Un peu plus loin, l’orateur appuie d’arguments anciens mais désormais mieux affutés le caractère juste et saint de la guerre menée par les Français 1114 . Il fait même preuve d’un peu d’audace en avançant l’idée que cette guerre avait aussi pour but la conversion et le salut des Infidèles 1115 . Bref, il porte au paroxysme le contraste entre la mort pitoyable de ces champions chrétiens et les sacrifices qu’ils ont endurés 1116 , citant à l’appui force exemples bibliques où les guerriers Saul et Abimelech, jugent honteux de mourir de la main d’un adversaire qui ne soit pas de leur religion 1117 , ou qui soit une femme 1118 . Si les Français n’ont pas été occis par des femmes, leurs assassins, c’est pire, sont des esclaves, non point même de ceux que l’on capture à la guerre, mais de ceux qu’on vend tels des marchandises 1119 . Après avoir avec éloquence fait durer le « suspense », l’orateur déploie sa réponse, faisant preuve, par rapport aux arguments traditionnellement avancés en de telles circonstances, d’une relative originalité 1120 .

Six raisons (les parties 3 à 8 du développement) sont susceptibles de fournir des clefs de compréhension de cet étrange événement.
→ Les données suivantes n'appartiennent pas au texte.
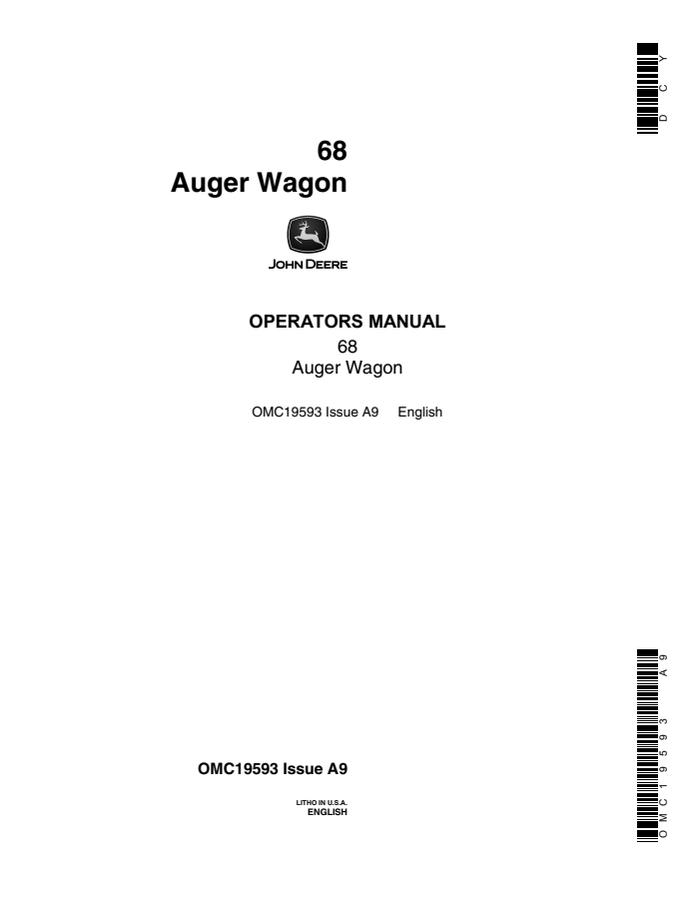 John Deere 68 Auger Wagon Auger wagon Operator manual OMC19593 — actual manual cover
La première revient sur l’argument habituel des péchés chrétiens, comparés au crime de Caïn, mais le traite de façon pédagogique: comme les premiers parents n’ont réalisé l’ampleur de leur péché qu’à la vue de ses conséquences, le meurtre de leur fils par son frère, de même les Chrétiens ne peuvent prendre conscience de leurs péchés qu’au spectacle paradoxal de ce malheur; de même surtout, l’événement nous ramène au Christ qui a subi dans ce but sa Passion: effacer notre péché.

Le second argument enfonce le clou en cherchant, ce qui est rare chez l’auteur, à susciter la peur: « Si les nobles susdits, qui avaient tant souffert pour le Christ, ont bu de ce breuvage si amer, qu’en sera-t-il de nous ? » 1121 . Des lions de noblesse et d’audace ont été massacrés: que peuvent attendre les agneaux que nous sommes ?

En troisième lieu, Dieu a désiré montrer l’amour que ces chevaliers chrétiens Lui portaient, en acceptant qu’ils se sacrifient pour Lui. D’où l’argument suivant: ce sacrifice constituait, si nécessaire, l’ultime moyen de purgation dont ces guerriers disposaient pour se défaire de tout péché; ils ont été absouts dans le sang, comme la purgation parfaite se réalisait, dans l’ancienne loi, par le sang 1122 .

Cinquièmement, Dieu a permis ce massacre pour montrer à quel point il chérissait ces nobles, et de façon générale les Chrétiens. A titre de comparaison, plusieurs exemples de l’Ancien Testament peuvent être avancés: Joseph affirmant sa préférence pour Benjamin; Joseph lui-même, fils chéri de Jacob: Pharaon lui a permis pour cette raison de monter sur son char, comme Assuerus l’a autorisé à Mardochée. Le légat recentre alors, par le biais d’une métaphore, son propos sur la croix donc le Christ: le char, c’est cette croix; Dieu a fait boire ces hommes à son propre calice, les a vêtus de la pourpre qu’il a lui-même endossée, leur a laissé son pallium, celui du martyre.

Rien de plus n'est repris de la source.